Autant que ses succès – dont ses deux premiers sacres Grand Chelem, à Melbourne et New York –, ce qui plaît chez Sinner, c'est sa personnalité, bien loin de l'exubérance de ses compatriotes du circuit ATP, comme Fabio Fognini, et d'ailleurs.
«Il a cette solidité mentale. Il n'était peut-être pas le plus doué, mais il s'est accroché», apprécie Enzo Palumbo, un quadragénaire qui s'apprête à voir le second match de groupes de Sinner.
Ariana Verdone et Francesco Fiscatori, perruques rousses sur la tête et habillés d'un tee-shirt orange devenu la couleur de ralliement des fans de Sinner, incarnés par les désormais célèbres «Carota Boys», attendent avec impatience le premier coup de raquette de leur héros.

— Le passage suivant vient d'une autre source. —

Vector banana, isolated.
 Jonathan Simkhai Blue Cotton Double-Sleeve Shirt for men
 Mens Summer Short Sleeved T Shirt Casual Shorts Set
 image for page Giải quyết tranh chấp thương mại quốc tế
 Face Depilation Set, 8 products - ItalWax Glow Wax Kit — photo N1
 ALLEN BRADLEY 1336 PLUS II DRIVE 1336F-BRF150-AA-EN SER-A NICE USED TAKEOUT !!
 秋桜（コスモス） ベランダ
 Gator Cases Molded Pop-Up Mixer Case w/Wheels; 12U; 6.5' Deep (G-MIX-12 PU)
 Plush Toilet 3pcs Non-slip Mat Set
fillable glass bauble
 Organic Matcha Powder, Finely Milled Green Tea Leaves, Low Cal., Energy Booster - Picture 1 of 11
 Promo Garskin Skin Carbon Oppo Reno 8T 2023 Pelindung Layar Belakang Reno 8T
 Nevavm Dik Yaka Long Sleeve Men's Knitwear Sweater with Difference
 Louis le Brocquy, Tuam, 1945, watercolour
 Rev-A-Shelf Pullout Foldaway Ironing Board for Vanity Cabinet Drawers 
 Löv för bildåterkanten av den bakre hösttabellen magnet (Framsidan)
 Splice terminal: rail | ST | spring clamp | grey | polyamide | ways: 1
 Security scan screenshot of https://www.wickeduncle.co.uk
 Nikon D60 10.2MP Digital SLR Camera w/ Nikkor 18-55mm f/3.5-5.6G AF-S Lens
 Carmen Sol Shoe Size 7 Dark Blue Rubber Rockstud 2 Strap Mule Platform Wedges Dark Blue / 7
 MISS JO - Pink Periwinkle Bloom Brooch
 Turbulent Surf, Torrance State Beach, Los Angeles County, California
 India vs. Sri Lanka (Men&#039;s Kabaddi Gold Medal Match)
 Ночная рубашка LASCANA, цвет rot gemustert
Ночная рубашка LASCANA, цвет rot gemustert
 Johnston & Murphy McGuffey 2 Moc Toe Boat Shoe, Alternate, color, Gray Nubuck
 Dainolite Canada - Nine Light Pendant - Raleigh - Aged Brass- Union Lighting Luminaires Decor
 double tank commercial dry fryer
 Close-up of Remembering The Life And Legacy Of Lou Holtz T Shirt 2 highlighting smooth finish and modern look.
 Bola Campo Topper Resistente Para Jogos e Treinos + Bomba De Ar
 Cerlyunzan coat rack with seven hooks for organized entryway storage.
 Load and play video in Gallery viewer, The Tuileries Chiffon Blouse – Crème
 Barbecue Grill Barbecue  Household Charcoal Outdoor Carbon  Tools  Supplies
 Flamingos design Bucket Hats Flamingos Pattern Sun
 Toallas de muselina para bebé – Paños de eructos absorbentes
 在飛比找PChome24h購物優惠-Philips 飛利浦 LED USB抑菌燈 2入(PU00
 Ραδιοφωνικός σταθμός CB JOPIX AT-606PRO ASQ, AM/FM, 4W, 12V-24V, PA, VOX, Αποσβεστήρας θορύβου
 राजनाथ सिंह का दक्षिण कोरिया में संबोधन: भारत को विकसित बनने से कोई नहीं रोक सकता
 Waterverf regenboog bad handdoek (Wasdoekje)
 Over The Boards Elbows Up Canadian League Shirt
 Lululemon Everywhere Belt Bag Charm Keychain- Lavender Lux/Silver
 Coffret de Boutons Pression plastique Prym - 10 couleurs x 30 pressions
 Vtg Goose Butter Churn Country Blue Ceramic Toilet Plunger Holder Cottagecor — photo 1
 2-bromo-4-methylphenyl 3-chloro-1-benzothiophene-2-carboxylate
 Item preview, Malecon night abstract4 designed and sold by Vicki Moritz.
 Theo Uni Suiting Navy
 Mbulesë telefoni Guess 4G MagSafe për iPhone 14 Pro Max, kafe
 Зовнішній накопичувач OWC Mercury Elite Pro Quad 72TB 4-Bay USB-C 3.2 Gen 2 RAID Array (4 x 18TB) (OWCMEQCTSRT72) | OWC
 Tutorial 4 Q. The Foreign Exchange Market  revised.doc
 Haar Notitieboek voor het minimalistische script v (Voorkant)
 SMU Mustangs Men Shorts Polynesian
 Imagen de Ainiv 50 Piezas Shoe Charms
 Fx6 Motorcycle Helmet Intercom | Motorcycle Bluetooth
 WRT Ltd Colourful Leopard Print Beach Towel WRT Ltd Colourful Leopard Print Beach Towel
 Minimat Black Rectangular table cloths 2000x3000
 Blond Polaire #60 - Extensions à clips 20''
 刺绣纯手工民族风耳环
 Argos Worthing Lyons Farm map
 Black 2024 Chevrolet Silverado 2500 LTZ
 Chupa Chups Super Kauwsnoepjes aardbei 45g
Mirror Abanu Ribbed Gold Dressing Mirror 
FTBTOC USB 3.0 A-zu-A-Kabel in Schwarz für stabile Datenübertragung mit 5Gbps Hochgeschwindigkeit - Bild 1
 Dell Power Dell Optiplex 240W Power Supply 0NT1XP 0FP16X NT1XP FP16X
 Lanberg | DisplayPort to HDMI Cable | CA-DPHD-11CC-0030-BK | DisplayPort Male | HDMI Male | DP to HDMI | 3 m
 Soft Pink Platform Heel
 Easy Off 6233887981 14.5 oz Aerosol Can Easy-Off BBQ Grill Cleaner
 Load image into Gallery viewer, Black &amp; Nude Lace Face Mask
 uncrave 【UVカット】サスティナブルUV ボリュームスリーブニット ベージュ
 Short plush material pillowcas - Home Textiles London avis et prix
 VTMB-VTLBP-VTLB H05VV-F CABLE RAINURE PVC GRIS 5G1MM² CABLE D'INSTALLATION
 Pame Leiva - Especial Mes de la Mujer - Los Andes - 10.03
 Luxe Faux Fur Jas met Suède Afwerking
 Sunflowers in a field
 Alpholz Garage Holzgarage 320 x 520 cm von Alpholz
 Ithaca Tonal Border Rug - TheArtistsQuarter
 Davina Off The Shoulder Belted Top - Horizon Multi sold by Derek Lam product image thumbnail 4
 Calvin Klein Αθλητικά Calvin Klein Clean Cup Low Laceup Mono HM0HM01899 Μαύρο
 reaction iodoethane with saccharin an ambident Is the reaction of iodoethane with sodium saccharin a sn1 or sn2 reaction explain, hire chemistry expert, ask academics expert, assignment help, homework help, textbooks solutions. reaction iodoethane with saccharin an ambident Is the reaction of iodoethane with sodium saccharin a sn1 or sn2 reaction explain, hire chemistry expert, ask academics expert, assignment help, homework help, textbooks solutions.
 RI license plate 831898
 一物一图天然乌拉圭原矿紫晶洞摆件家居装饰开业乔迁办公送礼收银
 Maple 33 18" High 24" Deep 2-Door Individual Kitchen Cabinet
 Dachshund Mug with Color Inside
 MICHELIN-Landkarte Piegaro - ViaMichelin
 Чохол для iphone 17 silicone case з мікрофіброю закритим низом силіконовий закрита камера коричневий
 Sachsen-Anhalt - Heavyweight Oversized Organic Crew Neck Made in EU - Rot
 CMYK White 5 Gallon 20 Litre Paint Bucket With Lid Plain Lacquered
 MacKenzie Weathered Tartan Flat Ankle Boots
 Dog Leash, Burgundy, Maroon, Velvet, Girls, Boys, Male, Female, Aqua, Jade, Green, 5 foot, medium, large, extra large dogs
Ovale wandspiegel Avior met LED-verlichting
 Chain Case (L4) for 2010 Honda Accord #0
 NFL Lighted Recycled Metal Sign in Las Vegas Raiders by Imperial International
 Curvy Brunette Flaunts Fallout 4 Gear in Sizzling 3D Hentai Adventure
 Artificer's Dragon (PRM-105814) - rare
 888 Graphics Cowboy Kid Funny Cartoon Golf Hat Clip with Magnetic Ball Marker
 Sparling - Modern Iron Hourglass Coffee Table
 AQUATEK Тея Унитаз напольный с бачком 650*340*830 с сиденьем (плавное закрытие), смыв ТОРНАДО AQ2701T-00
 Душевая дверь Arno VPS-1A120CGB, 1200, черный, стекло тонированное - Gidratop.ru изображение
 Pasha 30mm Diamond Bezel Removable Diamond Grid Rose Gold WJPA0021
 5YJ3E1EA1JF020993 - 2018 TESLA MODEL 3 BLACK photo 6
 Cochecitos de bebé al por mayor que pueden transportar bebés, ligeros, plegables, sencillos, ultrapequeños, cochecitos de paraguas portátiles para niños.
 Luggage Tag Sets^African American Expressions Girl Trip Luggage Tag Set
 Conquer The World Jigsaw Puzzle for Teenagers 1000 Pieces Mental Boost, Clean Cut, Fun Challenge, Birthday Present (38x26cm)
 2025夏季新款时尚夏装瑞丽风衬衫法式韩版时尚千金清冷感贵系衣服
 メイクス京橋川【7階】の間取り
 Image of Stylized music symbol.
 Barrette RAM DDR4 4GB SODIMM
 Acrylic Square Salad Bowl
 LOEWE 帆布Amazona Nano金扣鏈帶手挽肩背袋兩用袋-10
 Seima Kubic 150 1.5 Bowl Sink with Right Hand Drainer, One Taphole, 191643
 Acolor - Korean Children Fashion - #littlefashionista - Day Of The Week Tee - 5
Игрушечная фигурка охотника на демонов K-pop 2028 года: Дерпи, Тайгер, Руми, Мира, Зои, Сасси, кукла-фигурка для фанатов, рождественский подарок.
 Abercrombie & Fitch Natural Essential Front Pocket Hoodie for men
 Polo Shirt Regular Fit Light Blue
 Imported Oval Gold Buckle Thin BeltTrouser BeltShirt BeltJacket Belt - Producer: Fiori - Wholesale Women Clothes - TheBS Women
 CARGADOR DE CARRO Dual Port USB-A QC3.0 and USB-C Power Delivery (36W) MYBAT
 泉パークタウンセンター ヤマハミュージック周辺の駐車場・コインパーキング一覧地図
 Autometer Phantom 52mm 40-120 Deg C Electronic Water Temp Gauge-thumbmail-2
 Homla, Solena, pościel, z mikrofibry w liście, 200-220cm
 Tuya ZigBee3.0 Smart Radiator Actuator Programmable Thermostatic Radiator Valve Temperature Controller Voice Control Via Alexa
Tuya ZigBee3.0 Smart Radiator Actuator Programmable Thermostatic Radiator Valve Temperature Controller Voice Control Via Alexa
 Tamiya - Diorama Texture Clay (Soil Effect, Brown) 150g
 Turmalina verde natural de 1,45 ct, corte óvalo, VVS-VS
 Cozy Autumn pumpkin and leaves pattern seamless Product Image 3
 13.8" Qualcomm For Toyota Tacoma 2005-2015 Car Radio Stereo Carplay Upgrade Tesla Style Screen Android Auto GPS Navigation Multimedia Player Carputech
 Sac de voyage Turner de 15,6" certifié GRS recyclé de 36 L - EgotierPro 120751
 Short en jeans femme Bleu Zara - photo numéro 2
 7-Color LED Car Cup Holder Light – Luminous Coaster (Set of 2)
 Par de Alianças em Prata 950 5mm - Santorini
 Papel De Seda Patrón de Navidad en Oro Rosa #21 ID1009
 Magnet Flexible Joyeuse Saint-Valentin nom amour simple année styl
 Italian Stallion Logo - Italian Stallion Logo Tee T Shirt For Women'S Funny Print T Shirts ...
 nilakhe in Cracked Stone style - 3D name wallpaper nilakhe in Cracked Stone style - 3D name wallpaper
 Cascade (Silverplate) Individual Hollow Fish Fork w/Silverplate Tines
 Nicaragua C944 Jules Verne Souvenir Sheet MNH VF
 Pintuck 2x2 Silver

«C'est un exemple pour son investissement lorsqu'il a fallu quitter sa famille, pour sa passion pour le tennis, pour son humilité», énumère la quinquagénaire qui a remarqué que «les enfants autour (d'elle) allait plus vers le tennis maintenant que vers le foot».
Il encourt un à deux ans de suspension
«C'est un garçon gentil et intelligent. C'est un peu le fils ou le gendre que tout le monde aimerait avoir. C'est simple, c'est une personne simple», résume le président de la Fédération italienne Angelo Binaghi.
Et cette simplicité fait des miracles. Pour ces Masters 2024, les organisateurs ont vendu 200.000 billets, du jamais-vu, et auraient pu en vendre le double, voire plus. En un an, leurs recettes sont passées de 20 à 28 millions d'euros. «Un Sinner multiplie tout par dix», assure même le patron du tennis italien qui revendique cinq millions de pratiquants, contre 4,5 en 2023.
Sinner aussi en profite: selon le classement établi en août par le magazine économique Forbes, il est le cinquième joueur de tennis le mieux payé au monde avec 26,6 millions de dollars, dont quinze millions provenant de ses sponsors. Selon le cabinet de recherches en marketing NextAtlas, la «Sinnermania» a quatre composantes, dont la plus importante est son authenticité.
Une qualité qui lui permet de traverser sans dommages majeurs auprès du public et de ses sponsors la tempête de son cas de dopage au clostébol, un stéroïde anabolisant. Blanchi dans un premier temps par l'Agence internationale pour l'intégrité du tennis (Itia), l'Agence mondiale antidopage (AMA) a fait appel et a réclamé une à deux années de suspension pour l'Italien.
Le Tribunal arbitral du sport (TAS) devrait statuer d'ici la fin de l'année. «Ce n'est pas une situation agréable mais nous restons confiants», a assuré Sinner.